**What to produce:** A precise reproduction of every record below is needed, minus the pictures.
------
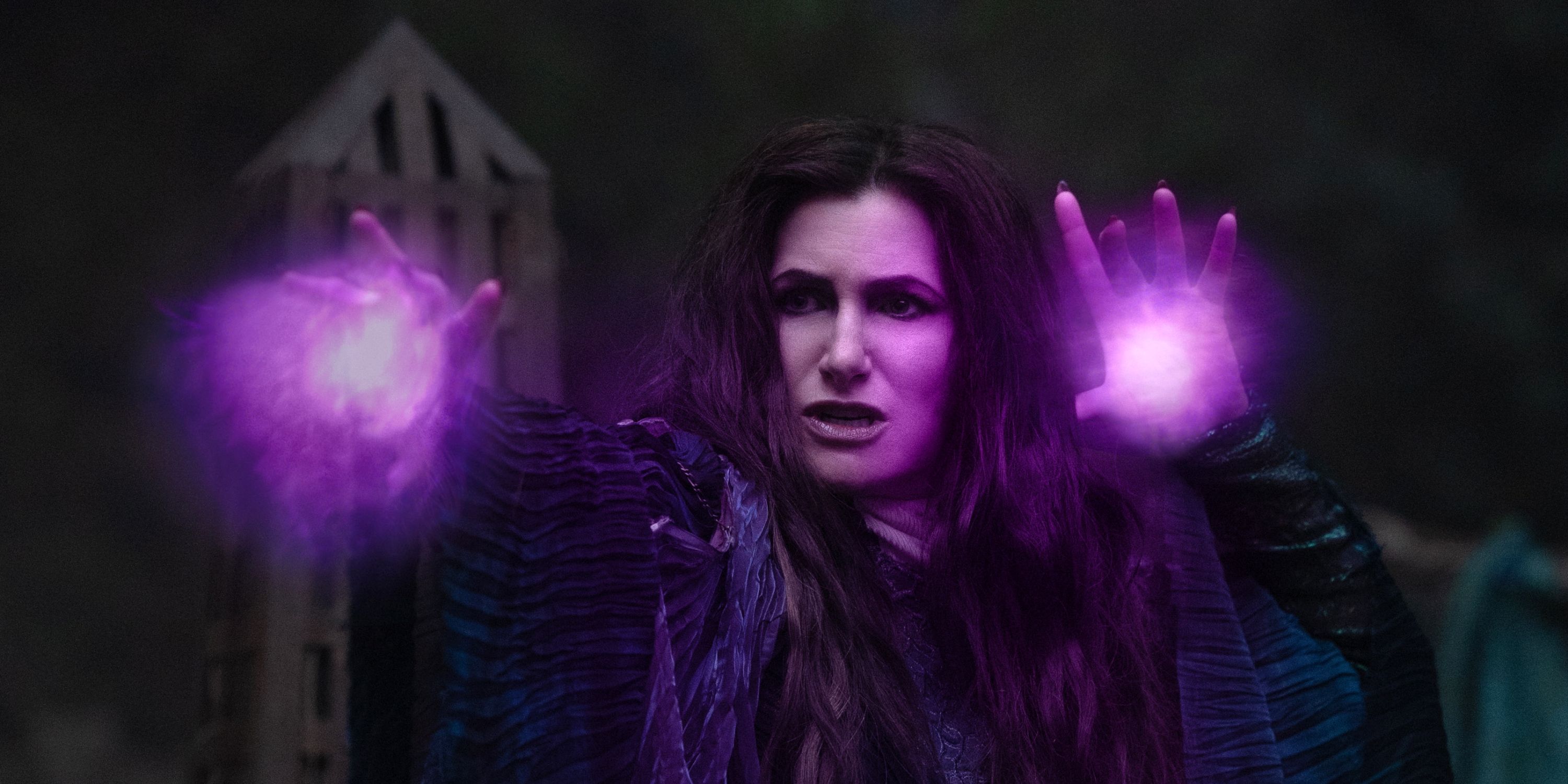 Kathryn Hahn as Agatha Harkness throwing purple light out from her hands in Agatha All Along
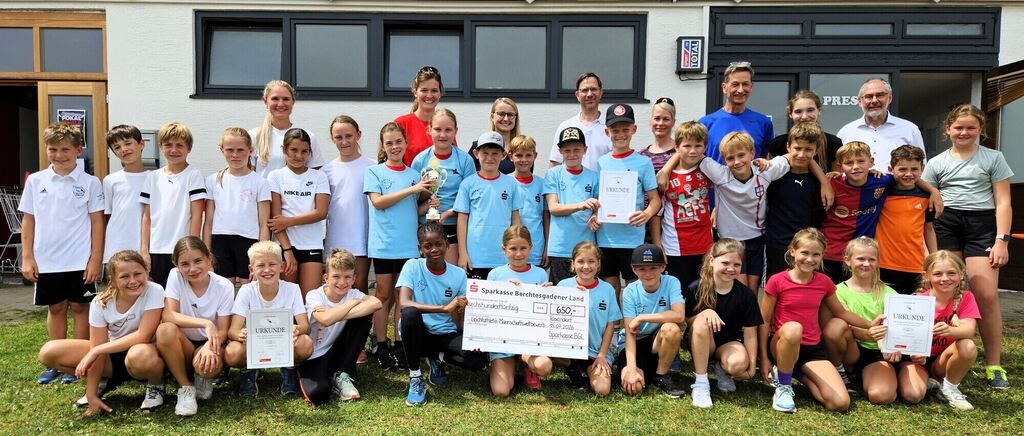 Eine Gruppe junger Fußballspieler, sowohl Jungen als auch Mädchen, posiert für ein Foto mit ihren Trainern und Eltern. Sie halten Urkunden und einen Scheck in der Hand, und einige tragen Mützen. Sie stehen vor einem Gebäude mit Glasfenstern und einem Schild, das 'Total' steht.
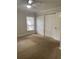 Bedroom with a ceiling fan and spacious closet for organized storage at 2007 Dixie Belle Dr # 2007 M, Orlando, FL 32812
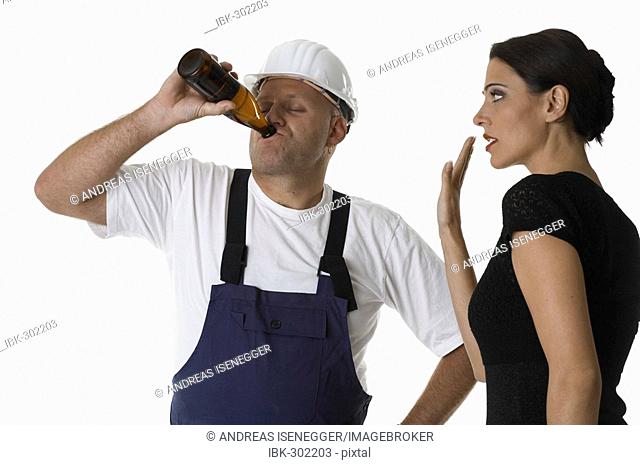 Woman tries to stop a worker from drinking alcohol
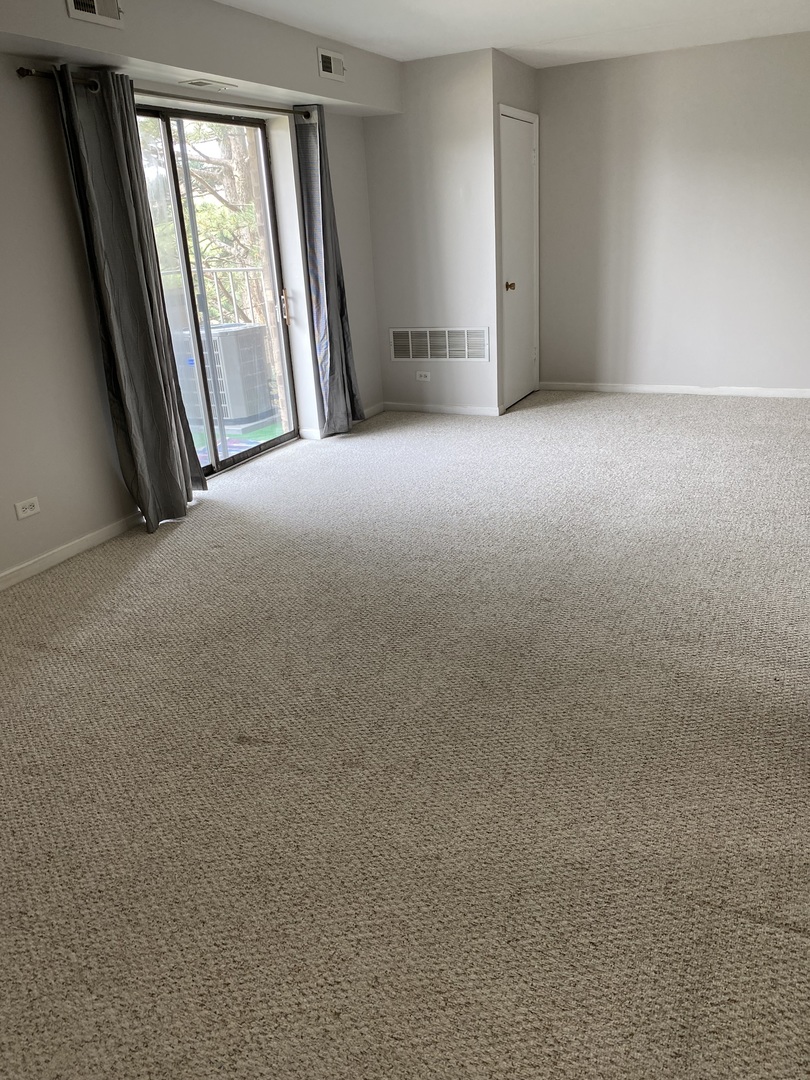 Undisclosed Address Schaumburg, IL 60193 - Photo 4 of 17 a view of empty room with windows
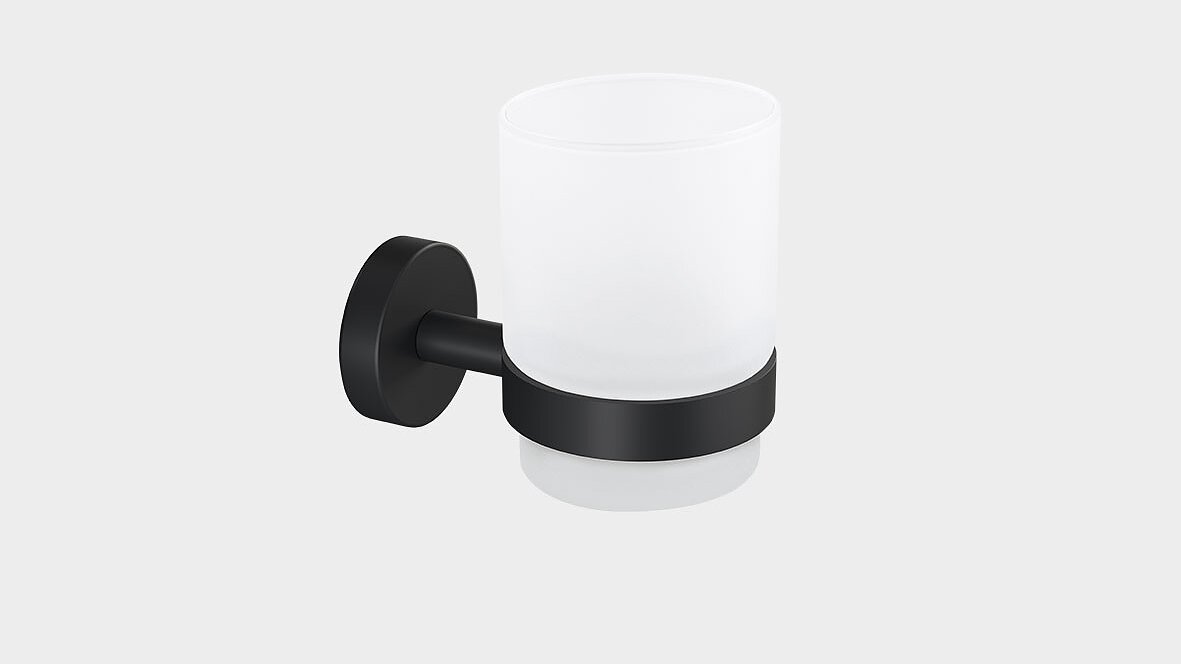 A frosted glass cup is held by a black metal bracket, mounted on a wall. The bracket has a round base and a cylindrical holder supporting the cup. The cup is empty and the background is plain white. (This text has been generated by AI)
------
**Answer for the task:**
 Kathryn Hahn as Agatha Harkness throwing purple light out from her hands in Agatha All Along
 Eine Gruppe junger Fußballspieler, sowohl Jungen als auch Mädchen, posiert für ein Foto mit ihren Trainern und Eltern. Sie halten Urkunden und einen Scheck in der Hand, und einige tragen Mützen. Sie stehen vor einem Gebäude mit Glasfenstern und einem Schild, das 'Total' steht.
 Bedroom with a ceiling fan and spacious closet for organized storage at 2007 Dixie Belle Dr # 2007 M, Orlando, FL 32812
 Woman tries to stop a worker from drinking alcohol
 Undisclosed Address Schaumburg, IL 60193 - Photo 4 of 17 a view of empty room with windows
 A frosted glass cup is held by a black metal bracket, mounted on a wall. The bracket has a round base and a cylindrical holder supporting the cup. The cup is empty and the background is plain white. (This text has been generated by AI)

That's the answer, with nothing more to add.